The initial incentive was provided by the consideration of negatives in geometry; I was used to regarding the displacements *AB* and *BA* as opposite magnitudes. From this it follows that if *A*, *B*, *C* are points of a straight line, then *AB* + *BC* = *AC* is always true, whether *AB* and *BC* are directed similarly or oppositely, that is even if *C* lies between *A* and *B*. In the latter case *AB* and *BC* are not interpreted merely as lengths, but rather their directions are simultaneously retained as well, according to which they are precisely oppositely oriented. Thus the distinction was drawn between the sum of lengths and the sum of such displacements in which the directions were taken into account. From this there followed the demand to establish this latter concept of a sum, not only for the case that the displacements were similarly or oppositely directed, but also for all other cases. This can most easily be accomplished if the law *AB* + *BC* = *AC* is imposed even when *A*, *B*, *C* do not lie on a single straight line.

Thus the first step was taken toward an analysis that subsequently led to the new branch of mathematics presented here.
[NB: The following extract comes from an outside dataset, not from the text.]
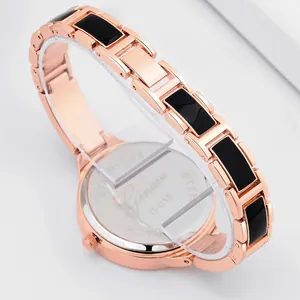 Ginave women's quartz watch in rose gold with black link strap on display stand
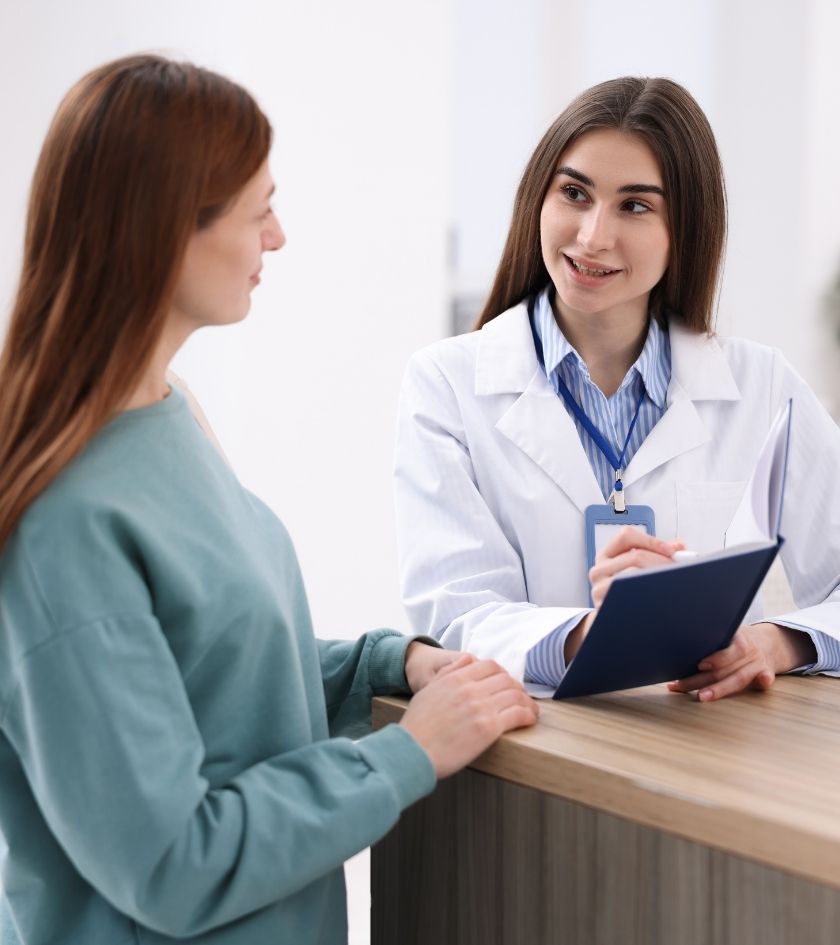 Dr. Miller reviewing paperwork with a new patient at Braces Island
However, I did not then recognize the rich and fruitful domain I had reached; rather, that result seemed scarcely worthy of note until it was combined with a related idea.

While I was pursuing the concept of product in geometry as it had been established by my father, I concluded that not only rectangles but also parallelograms in general may be regarded as products of an adjacent pair of their sides, provided one again interprets the product, not as the product of their lengths, but as that of the two displacements with their directions taken into account. When I combined this concept of the product with that previously established for the sum, the most striking harmony resulted; thus whether I multiplied the sum (in the sense just given) of two displacements by a third displacement lying in the same plane, or the individual terms by the same displacement and added the products with due regard for their positive and negative values, the same result obtained, and must always obtain.

This harmony did indeed enable me to perceive that a completely new domain had thus been disclosed, one that could lead to important results. Yet this idea remained dormant for some time since the demands of my job led me to other tasks; also, I was initially perplexed by the remarkable result that, although the laws of ordinary multiplication, including the relation of multiplication to addition, remained valid for this new type of product, one could only interchange factors if one simultaneously changed the sign (i.e. changed + into - and vice versa).